This is from an old conversation I had online with a Randroid:

1. Morality is an individual issue, not a social issue.

2. Helping others in need is wrong.

3. Each against all is a moral and practical system.

These statements suggest a "me versus the world" mentality. This person railed against cooperation and equality, charging "the left" with bringing about universal poverty. Of course, this is only because these things challenge his authority and possible success over others. Some other things libertarians have said to me:

"Women shouldn't vote because they always vote for the wrong reasons."

"Slavery is efficient."

"The only legitimate authority is the boss [the one with the money]."

"If I was caught by the police, I would rat out all of my friends to get out."

After I described the effects of pollution on the environmental and human health, a libertarian told me:

"I don't care about these things. They don't affect me."

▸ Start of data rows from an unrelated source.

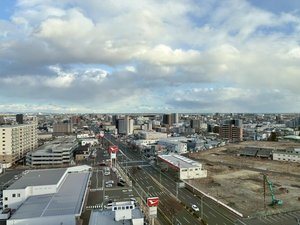 最上階(東側)のお部屋からの眺め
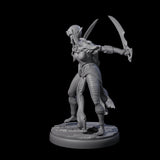 Masked Dark Elf Rogue I Miniature for Dungeons and Dragons, Pathfinder or other TTRPGs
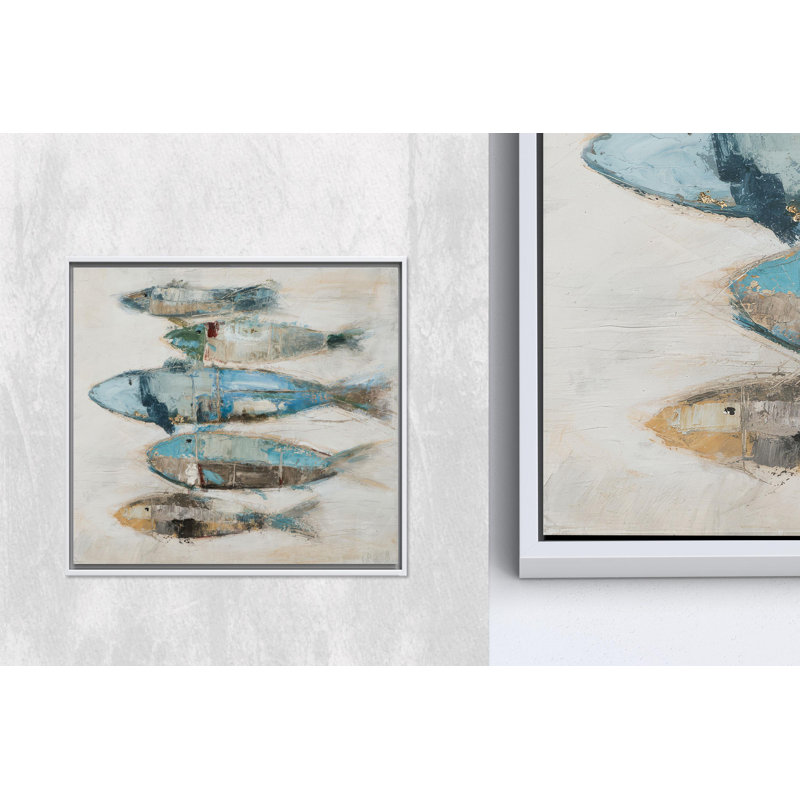 «Modern Boho Fish», reproduction d'art sur toile élégante pour décoration intérieure, 1P, H: 23,7 po x l: 23,7 po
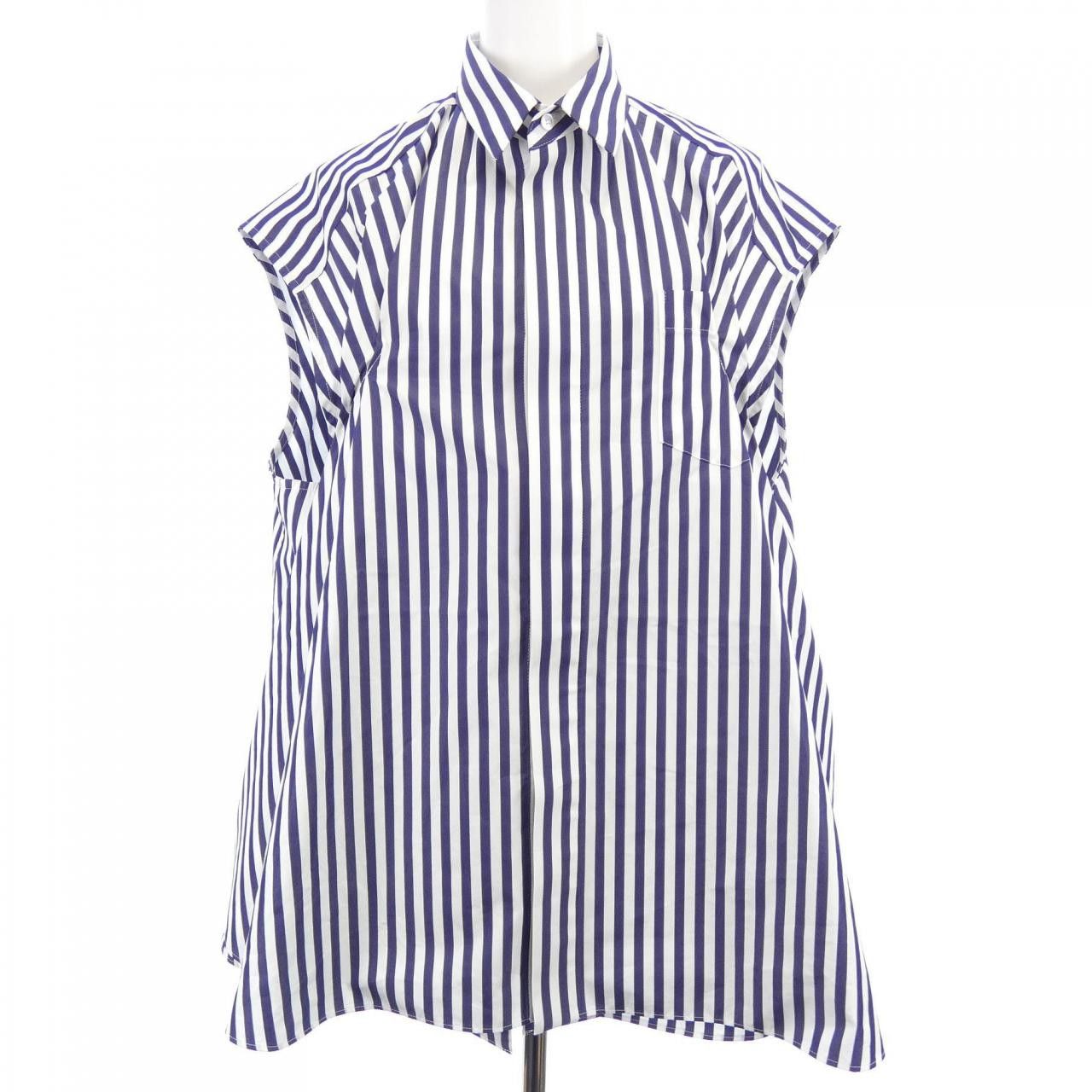 Sacai Sacai Sacai Stripe Shirt Textile Tops 24-07253 DUTY FREE for USA Size ONE SIZE - 1 Thumbnail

The prominent indifference to suffering and a desire for money and power overwhelms any agreeable rhetoric libertarians may spout. I've surmised before how and why they end up the way they do. I bring this up to show that when libertarians use words like "freedom" and "opportunity", they almost always mean it for themselves, exclusively. If they oppose power, it is only because they don't have it. Liberty is only useful if it grants them power.

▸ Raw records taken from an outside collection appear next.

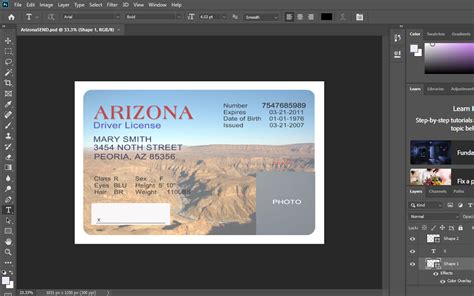 Arizona Driver License Psd Template Free Download Mr Verify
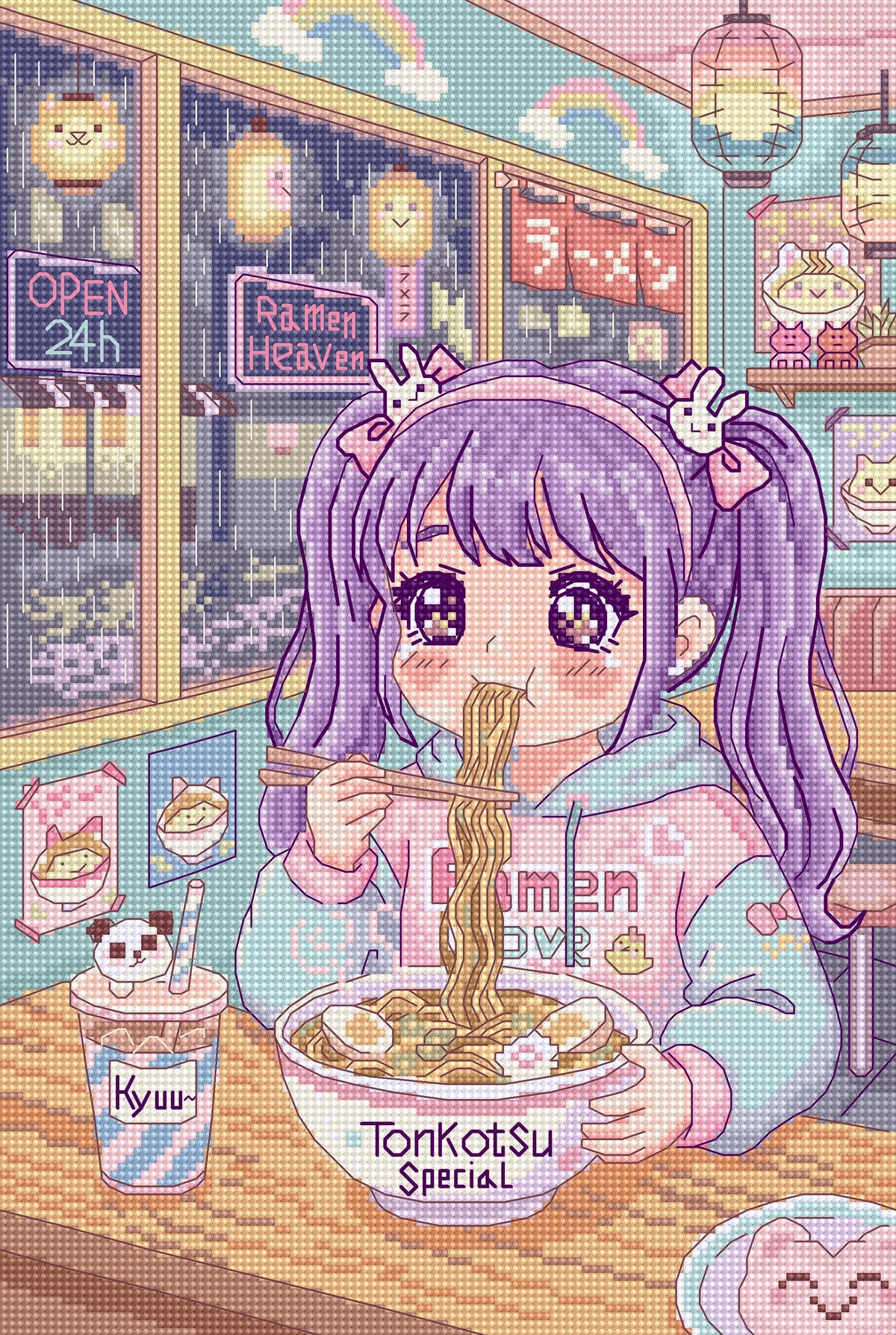 Ramen Day L10-016 Counted Cross Stitch Kit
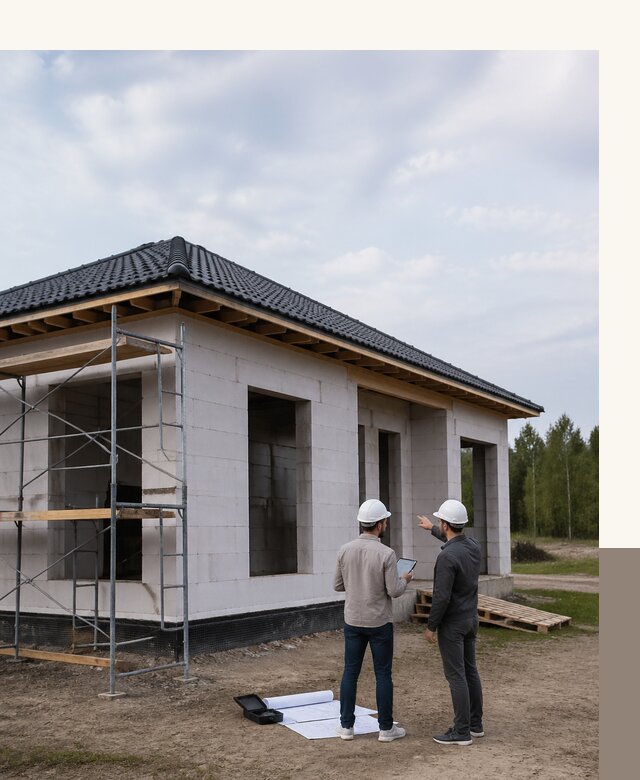 Проектирование одноэтажных домов из газобетона в Арсеньеве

This is not to be a long polemic against libertarians (ok, maybe a little). Their oft-chosen atheist position is commendable, as is their somewhat more open stance on homosexuals and other minority groups. Even their goals seem admirable, which is the reason why libertarians are dangerous: because this makes them so difficult to spot. A power-hungry asshole is obviously out to control and dominate you. A libertarian, on the other hand, will camouflage themselves in "no gummint" rhetoric, but vote for schmucks like Reagan; they say "freedom and liberty", but are not above corporations limiting these rights in others.

Anarchists

Of course, not all people who score low on both the RWA and SD measures call themselves or would be considered anarchists, but we can connect the attributes with the philosophy. These people believe each person has to find their own way in life. They see nothing wrong with someone being a transvestite, homosexual, or the author of a pretentious blog. Rather than fearful, they are curious when encountering something new. They challenge ill-gotten and ill-used authority, even at peril to themselves. Cooperation is preferred over competition, equality over wealth disparity, and diversity over cultural homogeneity.

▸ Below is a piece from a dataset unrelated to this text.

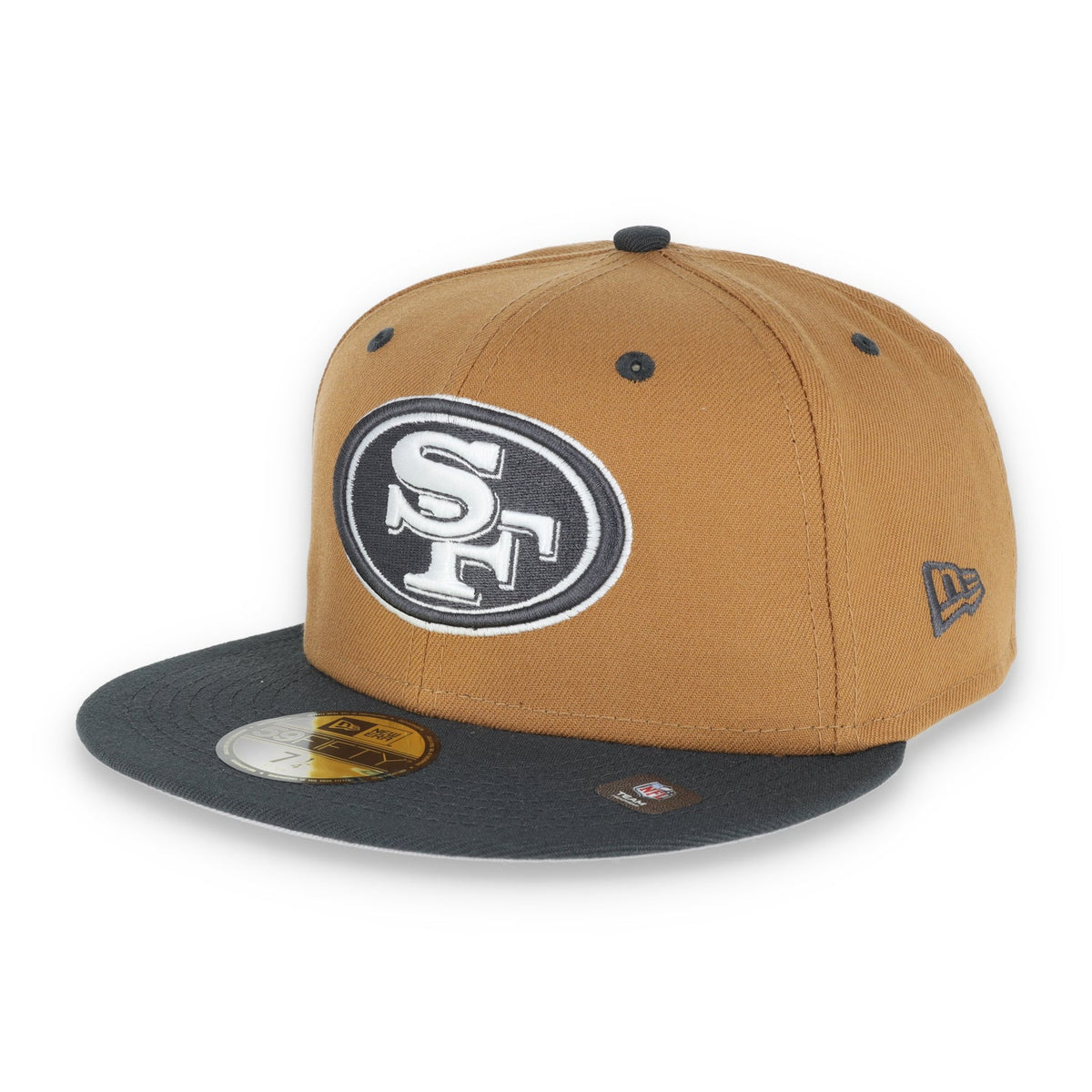 New Era San Francisco 49Ers 59Fifty Color Pack Fitted -Tan/Grey product image 3, provided for visual reference and product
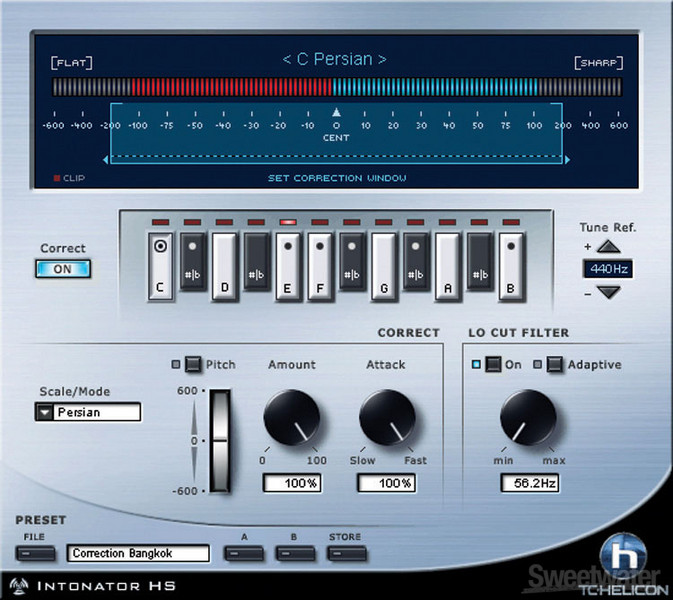 TC Electronic Intonator HS 音高校正插件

They probably grew up in cities or places with a wide range of people, differing cultural attitudes and perspectives. The family household may have been eccentric to some extent, maybe a single mother or starving artists for parents. Having seen authority figures abuse power or otherwise be stupid, they have the important understanding that authority is fallible, and that it is often wise to question it.

Authoritarianism and Politics

And, in all things political, it is more about domineering or authoritarian behavior that determines when abuse of power occurs, not necessarily the specific views of the individual. For example, a domineering Randroid is just as likely to become a dictator like Stalin as is an asshole. But we may notice that certain beliefs tend to link with particular stances on authoritarianism. Sheeple prefer simple, emotionally-satisfying, easily repeated drivel that makes sure they are stupid and obedient. Assholes bathe themselves in this drivel, but spice it up with a bit of god-like control. Libertarians, of course, enjoy and identify with Objectivism and other such ideas that excuse exploitation and belittle the fools who share and care - lefties and religious nuts alike.

What do anarchists believe? Strangely, some of the lines libertarians spout. For example

"That government which governs least, governs best."

I agree with this, and indeed many libertarians do - on the surface. Implied in the quote is the understanding that for government to govern less, those who are governed must prevent the need for such governing by solving the problems (even those caused by the gummint) the government was created to solve. That is, to even begin to bring about such a situation, we would require people to be independent, open-minded, curious, cooperative, and empathetic, amongst similar qualities. For the libertarian, it is enough to get rich and break free from the chains of the system - you know, hitting that higher tax bracket and getting all those nice tax breaks - but will leave the other prisoners there to rot. Or, if they do it right, it will be their turn to be the jailer.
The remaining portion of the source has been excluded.